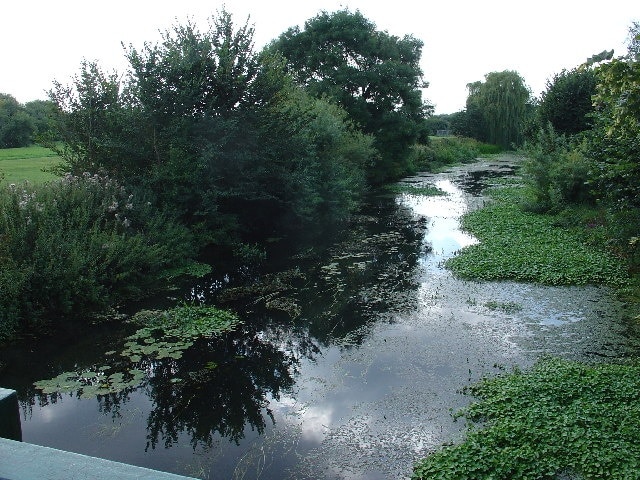 River Mole, East Molesey. The River Mole meanders behind houses in East Molesey, north of the Island Barn reservoir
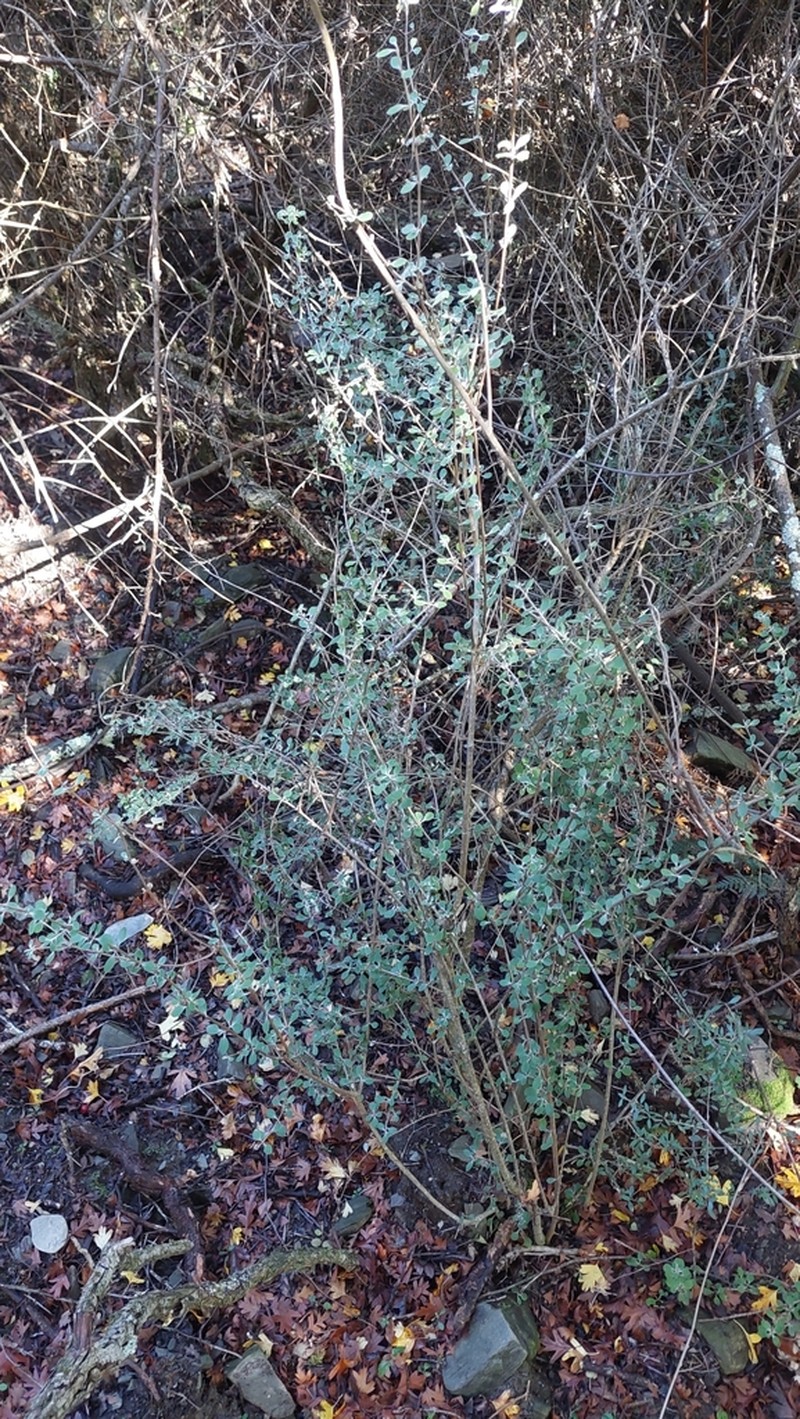 Olearia fimbriata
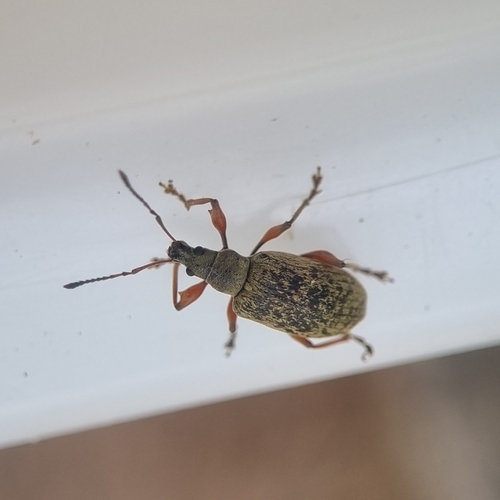Knoppensnuittor, 1791 LM Den Burg, Nederland, photo 6 of 10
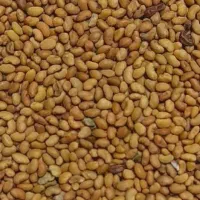 بذر یونجه( طلای سبز)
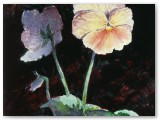 101-Antique Pansy-1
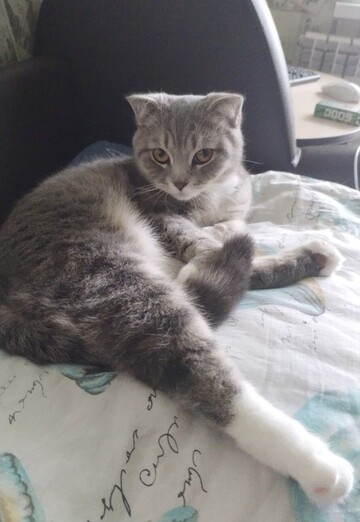 Darya (@darya66842) — my photo № 7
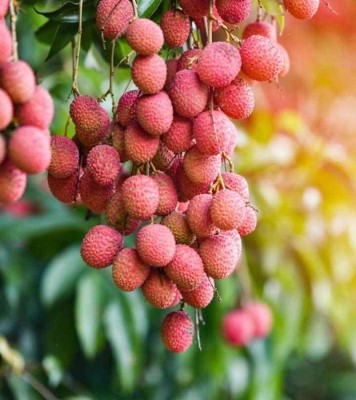 Aywal Litchi, Lichi, Lychee Seed(24 per packet)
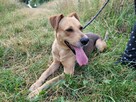Celnik do adopcji - 2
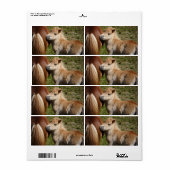 Sweet Haflinger Foal (Vorne)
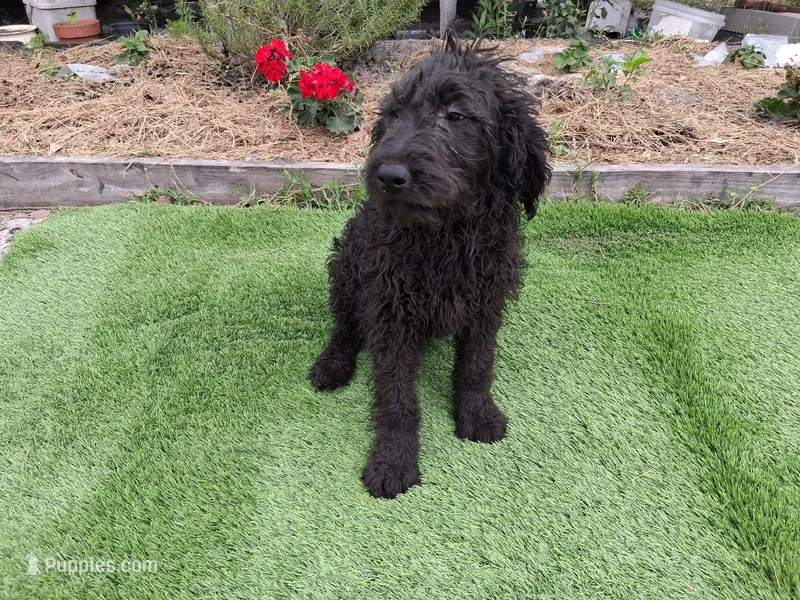 James – Labradoodle puppy for sale in Fleming Island, FL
::::::
Assigned task: Please repeat every record exactly, leaving the pictures out.

Answer space:
 River Mole, East Molesey. The River Mole meanders behind houses in East Molesey, north of the Island Barn reservoir
 Olearia fimbriata
Knoppensnuittor, 1791 LM Den Burg, Nederland, photo 6 of 10
 بذر یونجه( طلای سبز)
 101-Antique Pansy-1
 Darya (@darya66842) — my photo № 7
 Aywal Litchi, Lichi, Lychee Seed(24 per packet)
Celnik do adopcji - 2
 Sweet Haflinger Foal (Vorne)
 James – Labradoodle puppy for sale in Fleming Island, FL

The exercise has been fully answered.